[PATCH] drm/xe/mmap: Add mmap support for PCI memory barrier

Tue Oct 15 11:43:25 UTC 2024

> -----Original Message-----
> From: Auld, Matthew <matthew.auld at intel.com>
> Sent: Monday, October 14, 2024 7:23 PM
> To: Upadhyay, Tejas <tejas.upadhyay at intel.com>; intel-
> xe at lists.freedesktop.org
> Subject: Re: [PATCH] drm/xe/mmap: Add mmap support for PCI memory
> barrier
> 
> On 14/10/2024 14:08, Upadhyay, Tejas wrote:
> >
> >
> >> -----Original Message-----
> >> From: Auld, Matthew <matthew.auld at intel.com>
> >> Sent: Monday, October 14, 2024 4:34 PM
> >> To: Upadhyay, Tejas <tejas.upadhyay at intel.com>; intel-
> >> xe at lists.freedesktop.org
> >> Subject: Re: [PATCH] drm/xe/mmap: Add mmap support for PCI memory
> >> barrier
> >>
> >> On 14/10/2024 11:23, Upadhyay, Tejas wrote:
> >>>
> >>>
> >>>> -----Original Message-----
> >>>> From: Auld, Matthew <matthew.auld at intel.com>
> >>>> Sent: Wednesday, October 9, 2024 7:27 PM
> >>>> To: Upadhyay, Tejas <tejas.upadhyay at intel.com>; intel-
> >>>> xe at lists.freedesktop.org
> >>>> Subject: Re: [PATCH] drm/xe/mmap: Add mmap support for PCI memory
> >>>> barrier
> >>>>
> >>>> Hi,
> >>>>
> >>>> On 09/10/2024 11:10, Tejas Upadhyay wrote:
> >>>>> In order to avoid having userspace to use MI_MEM_FENCE, we are
> >>>>> adding a mechanism for userspace to generate a PCI memory barrier
> >>>>> with low overhead (avoiding IOCTL call).
> >>>>
> >>>> I guess it doesn't work if we just do VRAM write from the host side?
> >>>
> >>> Writing to VRAM will adds some overhead which UMD wants to avoid. So
> >> the suggestion came out was to use special MMIO page mapped directly
> >> which is not accessible from the PCI bus so that the MMIO writes
> >> themselves are ignored, but the PCI memory barrier will still take
> >> action as the MMIO filtering will happen after the memory barrier effect.
> >>
> >> Would be good to add this info to the commit message.
> >
> > Ok.
> >
> >>
> >>>
> >>>>
> >>>>>
> >>>>> This is implemented by memory-mapping a page as uncached that is
> >>>>> backed by MMIO on the dGPU and thus allowing userspace to do
> >> memory
> >>>>> write to the page without invoking an IOCTL.

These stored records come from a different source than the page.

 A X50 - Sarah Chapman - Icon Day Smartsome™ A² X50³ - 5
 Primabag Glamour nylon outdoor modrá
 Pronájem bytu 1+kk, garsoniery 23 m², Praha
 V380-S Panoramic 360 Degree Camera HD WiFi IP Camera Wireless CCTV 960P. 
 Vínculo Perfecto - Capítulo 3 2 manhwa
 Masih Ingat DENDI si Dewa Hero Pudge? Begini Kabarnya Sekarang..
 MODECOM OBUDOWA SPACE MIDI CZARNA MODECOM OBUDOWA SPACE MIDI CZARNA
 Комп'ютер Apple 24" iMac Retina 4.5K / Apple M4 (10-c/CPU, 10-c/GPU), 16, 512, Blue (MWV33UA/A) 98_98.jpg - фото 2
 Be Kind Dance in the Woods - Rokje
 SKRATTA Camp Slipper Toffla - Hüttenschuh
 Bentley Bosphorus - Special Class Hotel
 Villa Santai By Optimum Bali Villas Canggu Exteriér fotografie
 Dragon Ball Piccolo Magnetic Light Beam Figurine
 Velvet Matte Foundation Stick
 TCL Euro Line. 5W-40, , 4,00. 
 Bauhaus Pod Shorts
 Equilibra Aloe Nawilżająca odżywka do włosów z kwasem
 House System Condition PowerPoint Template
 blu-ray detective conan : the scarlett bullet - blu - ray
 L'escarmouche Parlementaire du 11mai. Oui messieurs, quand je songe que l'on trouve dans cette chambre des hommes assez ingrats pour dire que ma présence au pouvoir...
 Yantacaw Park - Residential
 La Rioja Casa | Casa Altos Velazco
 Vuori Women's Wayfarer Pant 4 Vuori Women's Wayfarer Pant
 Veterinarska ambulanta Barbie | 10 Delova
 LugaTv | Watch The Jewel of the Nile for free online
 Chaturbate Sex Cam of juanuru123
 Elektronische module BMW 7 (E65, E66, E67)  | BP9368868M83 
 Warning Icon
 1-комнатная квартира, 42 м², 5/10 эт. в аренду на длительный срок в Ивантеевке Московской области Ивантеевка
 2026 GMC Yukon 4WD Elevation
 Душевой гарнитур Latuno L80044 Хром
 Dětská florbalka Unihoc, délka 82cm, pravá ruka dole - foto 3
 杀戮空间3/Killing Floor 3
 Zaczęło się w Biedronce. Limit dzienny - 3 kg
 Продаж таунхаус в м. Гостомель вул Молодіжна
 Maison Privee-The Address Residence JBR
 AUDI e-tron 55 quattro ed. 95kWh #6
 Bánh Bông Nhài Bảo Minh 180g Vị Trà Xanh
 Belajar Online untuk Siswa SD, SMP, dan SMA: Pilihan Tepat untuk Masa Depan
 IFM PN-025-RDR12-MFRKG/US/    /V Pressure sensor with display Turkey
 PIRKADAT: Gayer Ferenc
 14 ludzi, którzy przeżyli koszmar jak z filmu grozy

> >>>>> We are selecting the MMIO so that it is not accessible from the
> >>>>> PCI bus so that the MMIO writes themselves are ignored, but the
> >>>>> PCI memory barrier will still take action as the MMIO filtering
> >>>>> will happen after the memory barrier effect.
> >>>>>
> >>>>> When we detect special defined offset in mmap(), We are mapping 4K
> >>>>> page which contains the last of page of doorbell MMIO range to
> >>>>> userspace for same purpose.
> >>>>>
> >>>>> Note: Test coverage for this is added by IGT
> >>>>>          https://patchwork.freedesktop.org/patch/618931/  here.
> >>>>>
> >>>>> Signed-off-by: Tejas Upadhyay <tejas.upadhyay at intel.com>
> >>>>
> >>>> Needs some UMD Cc. This was requested by some UMD?
> >>>
> >>> Yes, I will add someone in cc.
> >>>
> >>>>
> >>>>> ---
> >>>>>     drivers/gpu/drm/xe/xe_device.c | 68
> >>>> +++++++++++++++++++++++++++++++++-
> >>>>>     1 file changed, 67 insertions(+), 1 deletion(-)
> >>>>>
> >>>>> diff --git a/drivers/gpu/drm/xe/xe_device.c
> >>>>> b/drivers/gpu/drm/xe/xe_device.c index cd241a8e1838..c97a4d1f0a98
> >>>>> 100644
> >>>>> --- a/drivers/gpu/drm/xe/xe_device.c
> >>>>> +++ b/drivers/gpu/drm/xe/xe_device.c
> >>>>> @@ -239,12 +239,78 @@ static long xe_drm_compat_ioctl(struct file
> >>>>> *file,
> >>>> unsigned int cmd, unsigned lo
> >>>>>     #define xe_drm_compat_ioctl NULL
> >>>>>     #endif
> >>>>>
> >>>>> +static void barrier_open(struct vm_area_struct *vma) {
> >>>>> +	drm_dev_get(vma->vm_private_data);
> >>>>> +}
> >>>>> +
> >>>>> +static void barrier_close(struct vm_area_struct *vma) {
> >>>>> +	drm_dev_put(vma->vm_private_data);
> >>>>> +}
> >>>>> +
> >>>>> +static const struct vm_operations_struct vm_ops_barrier = {
> >>>>> +	.open = barrier_open,
> >>>>> +	.close = barrier_close,
> >>>>> +};
> >>>>> +
> >>>>> +static int xe_pci_barrier_mmap(struct file *filp,
> >>>>> +			       struct vm_area_struct *vma) {
> >>>>> +	struct drm_file *priv = filp->private_data;
> >>>>> +	struct drm_device *dev = priv->minor->dev;
> >>>>> +	unsigned long pfn;
> >>>>> +	pgprot_t prot;
> >>>>> +
> >>>>> +	if (vma->vm_end - vma->vm_start > PAGE_SIZE)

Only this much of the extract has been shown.